WHAT NEEDS TO BE DONE | Retype, word for word, each line between the lines holding "Volkswagen Golf Mk1" and "Q5 TFSI quattro", inclusive, and leave the rest of the data alone.

━━ DATASET EXTRACT

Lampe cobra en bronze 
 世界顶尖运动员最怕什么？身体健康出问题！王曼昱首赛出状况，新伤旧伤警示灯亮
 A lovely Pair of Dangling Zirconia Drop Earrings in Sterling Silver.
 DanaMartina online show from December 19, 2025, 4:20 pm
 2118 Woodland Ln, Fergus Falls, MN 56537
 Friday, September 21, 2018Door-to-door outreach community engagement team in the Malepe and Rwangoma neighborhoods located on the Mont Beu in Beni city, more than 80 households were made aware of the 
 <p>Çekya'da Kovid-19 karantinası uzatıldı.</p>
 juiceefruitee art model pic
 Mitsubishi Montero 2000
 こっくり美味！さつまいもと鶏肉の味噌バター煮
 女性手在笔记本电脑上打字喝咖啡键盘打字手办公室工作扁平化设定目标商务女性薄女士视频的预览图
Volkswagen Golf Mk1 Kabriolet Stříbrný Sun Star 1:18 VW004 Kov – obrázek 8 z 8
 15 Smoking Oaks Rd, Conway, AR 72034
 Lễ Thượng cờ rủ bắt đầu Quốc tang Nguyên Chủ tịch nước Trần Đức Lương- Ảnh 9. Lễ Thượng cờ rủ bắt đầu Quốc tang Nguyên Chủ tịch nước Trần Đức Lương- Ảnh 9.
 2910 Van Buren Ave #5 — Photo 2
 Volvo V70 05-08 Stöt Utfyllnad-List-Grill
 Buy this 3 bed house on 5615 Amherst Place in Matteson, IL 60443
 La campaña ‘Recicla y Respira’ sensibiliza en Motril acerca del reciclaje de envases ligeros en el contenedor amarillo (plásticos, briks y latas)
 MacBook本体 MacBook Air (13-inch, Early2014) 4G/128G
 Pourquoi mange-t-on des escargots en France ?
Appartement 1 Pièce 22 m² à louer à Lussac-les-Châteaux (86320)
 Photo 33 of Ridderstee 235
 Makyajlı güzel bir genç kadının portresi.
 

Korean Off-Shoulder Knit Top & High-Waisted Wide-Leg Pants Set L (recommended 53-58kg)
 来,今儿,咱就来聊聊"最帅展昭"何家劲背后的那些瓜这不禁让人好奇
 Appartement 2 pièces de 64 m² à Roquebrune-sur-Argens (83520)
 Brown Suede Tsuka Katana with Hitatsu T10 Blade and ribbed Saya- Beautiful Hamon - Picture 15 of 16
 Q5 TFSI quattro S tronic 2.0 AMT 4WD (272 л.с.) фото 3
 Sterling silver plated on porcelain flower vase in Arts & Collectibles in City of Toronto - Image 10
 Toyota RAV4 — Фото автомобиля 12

━━━━

EXPECTED ANSWER |
Volkswagen Golf Mk1 Kabriolet Stříbrný Sun Star 1:18 VW004 Kov – obrázek 8 z 8
 15 Smoking Oaks Rd, Conway, AR 72034
 Lễ Thượng cờ rủ bắt đầu Quốc tang Nguyên Chủ tịch nước Trần Đức Lương- Ảnh 9. Lễ Thượng cờ rủ bắt đầu Quốc tang Nguyên Chủ tịch nước Trần Đức Lương- Ảnh 9.
 2910 Van Buren Ave #5 — Photo 2
 Volvo V70 05-08 Stöt Utfyllnad-List-Grill
 Buy this 3 bed house on 5615 Amherst Place in Matteson, IL 60443
 La campaña ‘Recicla y Respira’ sensibiliza en Motril acerca del reciclaje de envases ligeros en el contenedor amarillo (plásticos, briks y latas)
 MacBook本体 MacBook Air (13-inch, Early2014) 4G/128G
 Pourquoi mange-t-on des escargots en France ?
Appartement 1 Pièce 22 m² à louer à Lussac-les-Châteaux (86320)
 Photo 33 of Ridderstee 235
 Makyajlı güzel bir genç kadının portresi.
 

Korean Off-Shoulder Knit Top & High-Waisted Wide-Leg Pants Set L (recommended 53-58kg)
 来,今儿,咱就来聊聊"最帅展昭"何家劲背后的那些瓜这不禁让人好奇
 Appartement 2 pièces de 64 m² à Roquebrune-sur-Argens (83520)
 Brown Suede Tsuka Katana with Hitatsu T10 Blade and ribbed Saya- Beautiful Hamon - Picture 15 of 16
 Q5 TFSI quattro S tronic 2.0 AMT 4WD (272 л.с.) фото 3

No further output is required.